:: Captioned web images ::
**********

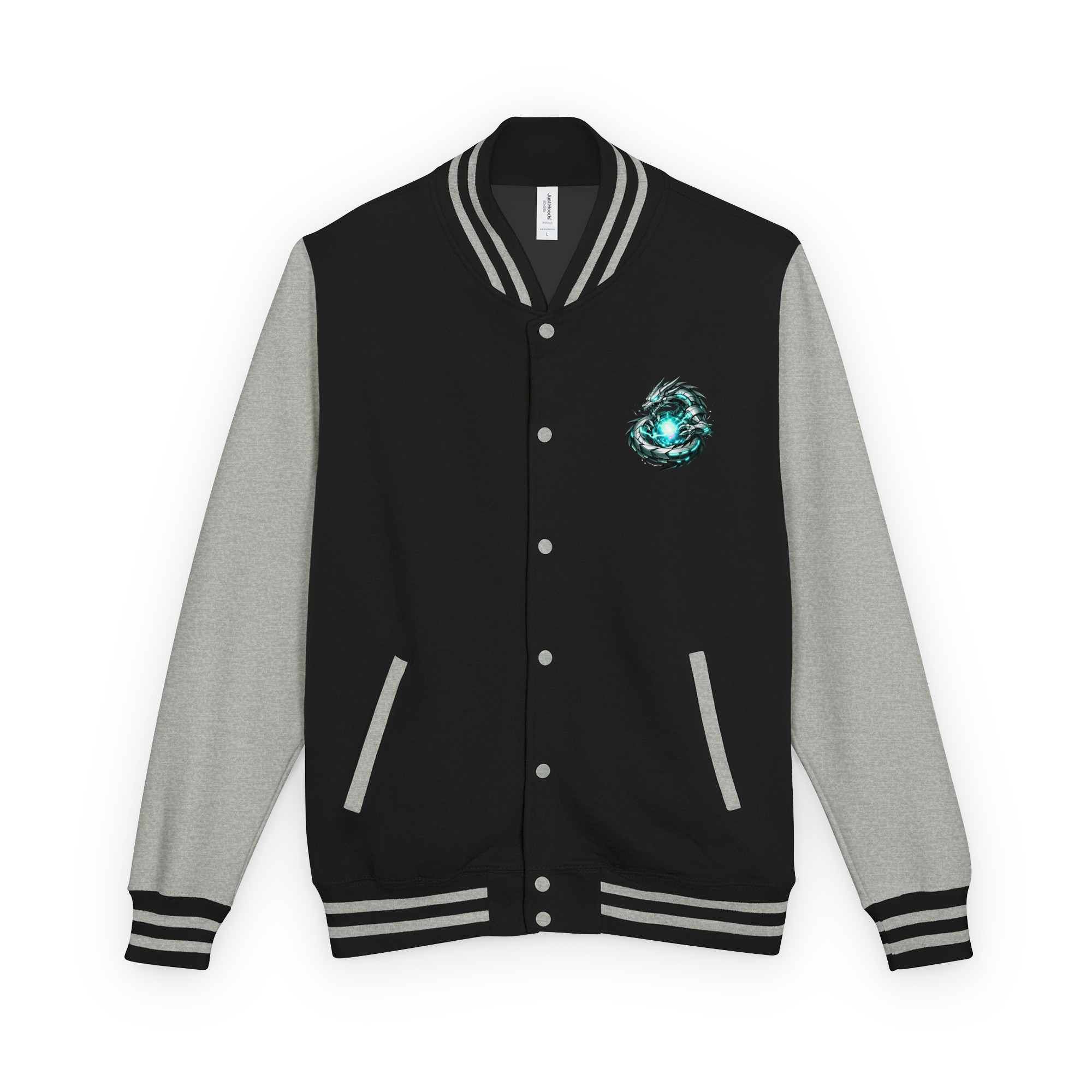 Heavyweight letterman jacket
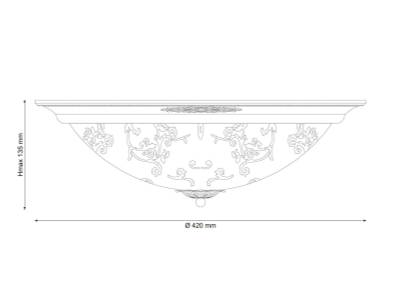 Люстра Lucia Tucci LUGO 142.3 R40 white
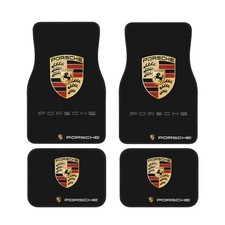 4 Piece Porsche Car Front & Rear Floor Mat Set Non-Slip Carpet Mats picture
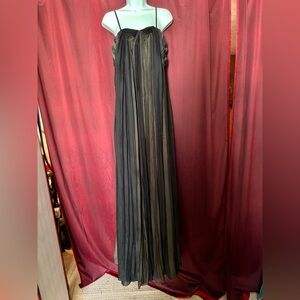 Chic Black/Brown Maxi Dress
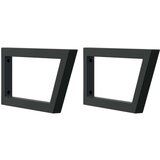 vidaXL Stenska polica za umivalnik jeklo in trdna bukovina | Shoptok.si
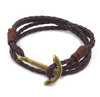 Image of Leather Anchor Bracelet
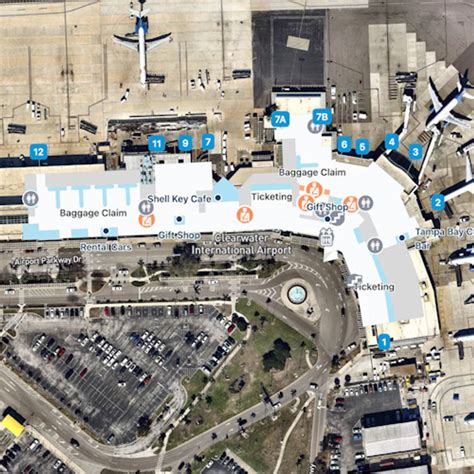 St Petersburg - Clearwater Airport Map | PIE Terminal Guide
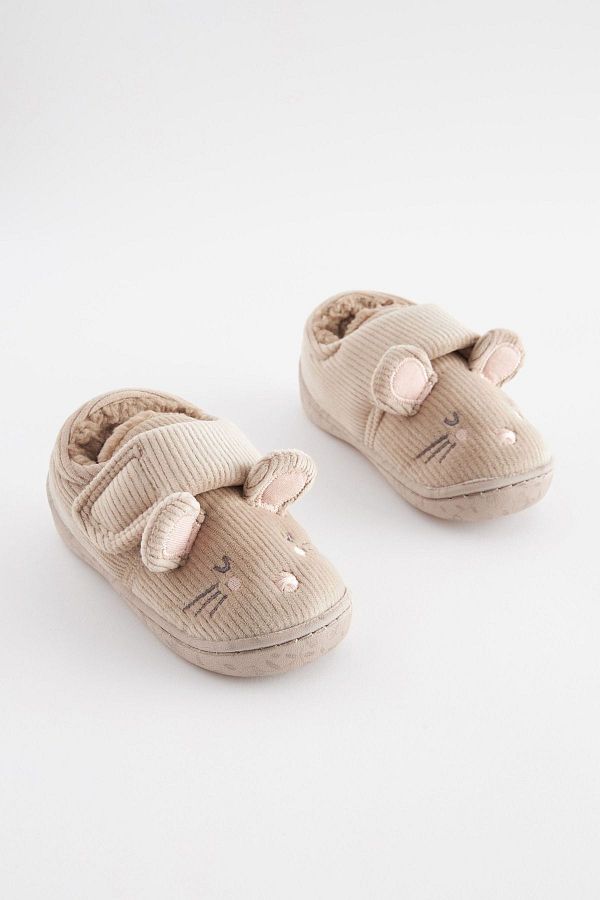 Next Baby Beige Color Mouse Slippers Neutral Trendyol
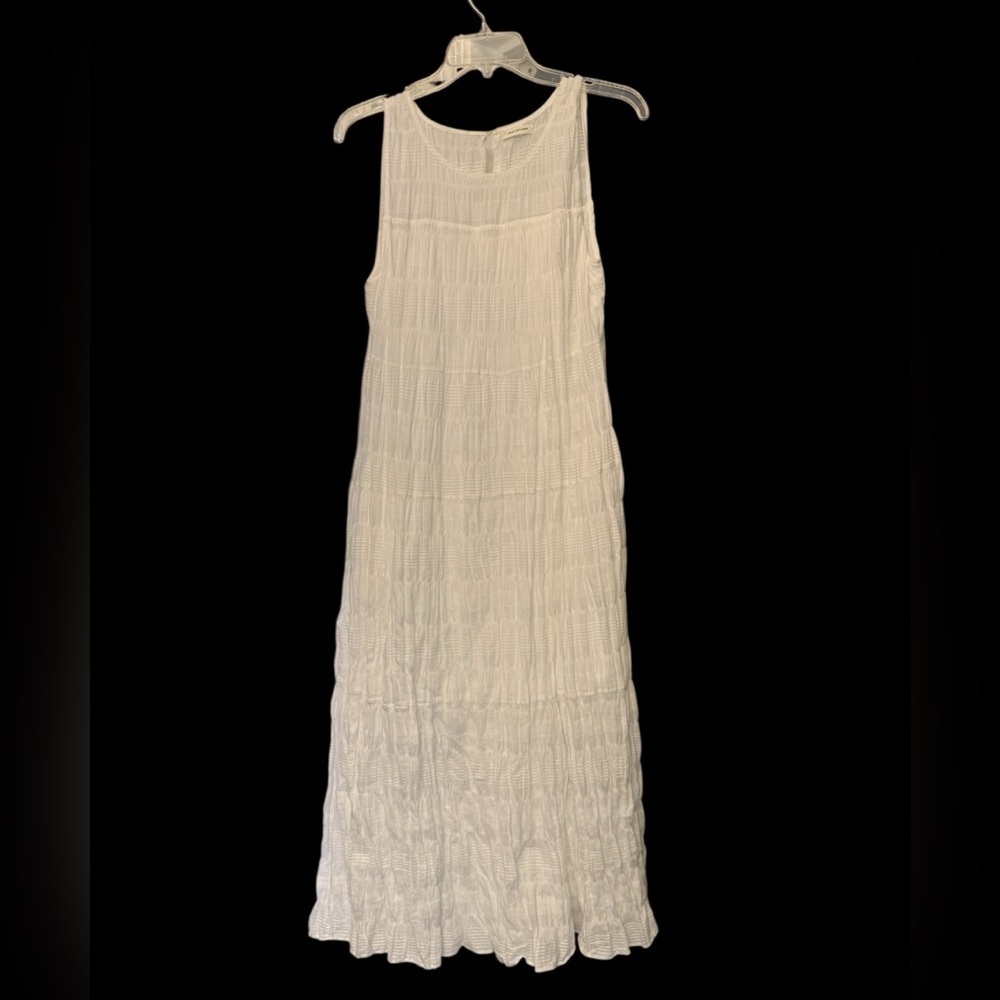 Like New Max Studio White Sleeveless Maxi Dress - Picture 2 of 6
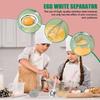 Extracteur d'œuf et de blanc d'œuf Séparateur à long manche Acier inoxydable 304 Fouet à œufs rapide Filtre pour mélanger les aliments pour bébé Ustensiles de cuisine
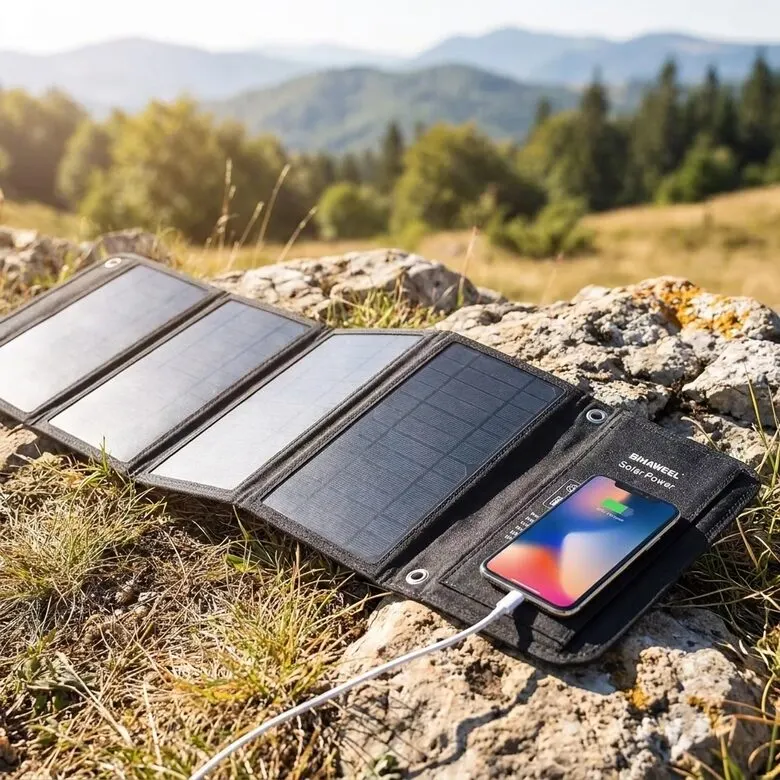 Telefona lādētājs SOLĀRAIS, 5v 900mAh x 3, aksesuāri un viedierīces sludinājums Rīgā 1
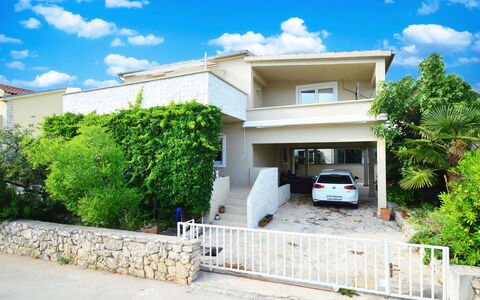 Vodice Jadrija 534: Cloud, Sky, Plant, Building, Car, Window, Vehicle, Tree, House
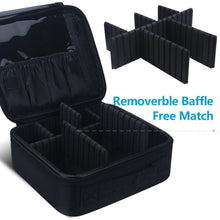 Load image into Gallery viewer, Relavel Travel Makeup Train Case Makeup Cosmetic Case Organizer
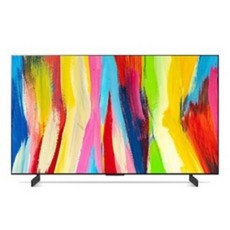 LG전자 올레드 evo TV, 방문설치, 스탠드형, 105cm(42인치), OLED42C2KNA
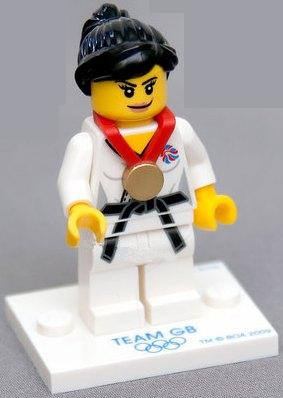 LEGO coltgb-4 Judo Fighter, Team GB (Complete Set with Stand and Accessories)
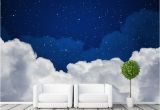 Wall Murals Night Sky Night Sky Wallpaper Galaxy Wallpaper Custom 3d Clouds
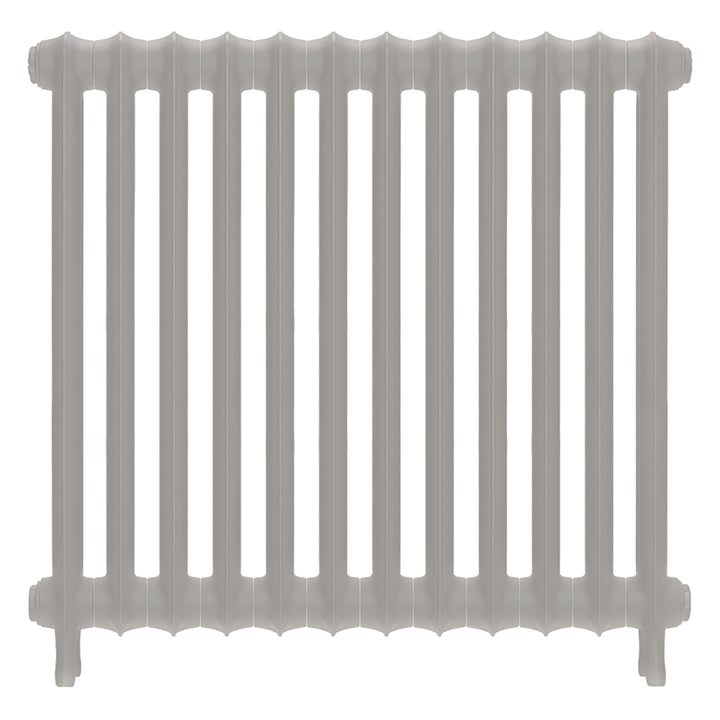 Emmeline II - Pebble Grey Cast Iron Column Radiator H813mm x W828mm 2 Column - Wall Hung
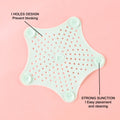 Star shaped silicone sink strainer with suction cups for kitchen and bathroom use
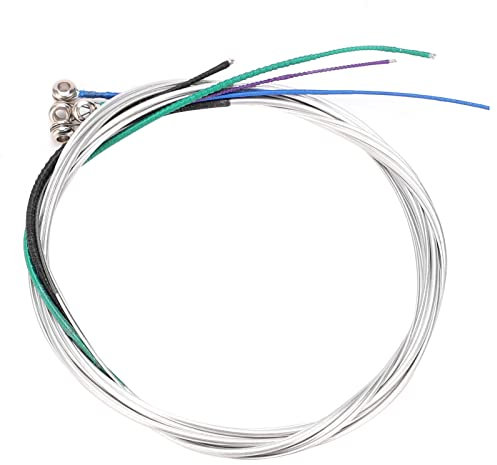 Geigensaiten-Set, Aluminium-Magnesium-Legierung Universal-Violinsaiten-Set für Anfänger für Fortgeschrittene(Silber, 4/4)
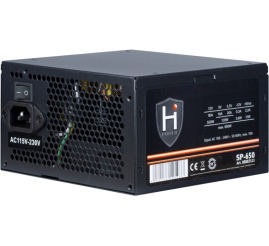 Slika izdelka: INTER-TECH HIPOWER SP-650W ATX napajalnik - bulk pakiranje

**********

:: WORK TASK ::
Where pictures appear, omit them, and transcribe exactly, with nothing else, the lines from the line with "Emmeline II - Pebble" through the final line of the records above, both ends included.

:: OUTPUT ::
 Emmeline II - Pebble Grey Cast Iron Column Radiator H813mm x W828mm 2 Column - Wall Hung
 Star shaped silicone sink strainer with suction cups for kitchen and bathroom use
 Geigensaiten-Set, Aluminium-Magnesium-Legierung Universal-Violinsaiten-Set für Anfänger für Fortgeschrittene(Silber, 4/4)
 Slika izdelka: INTER-TECH HIPOWER SP-650W ATX napajalnik - bulk pakiranje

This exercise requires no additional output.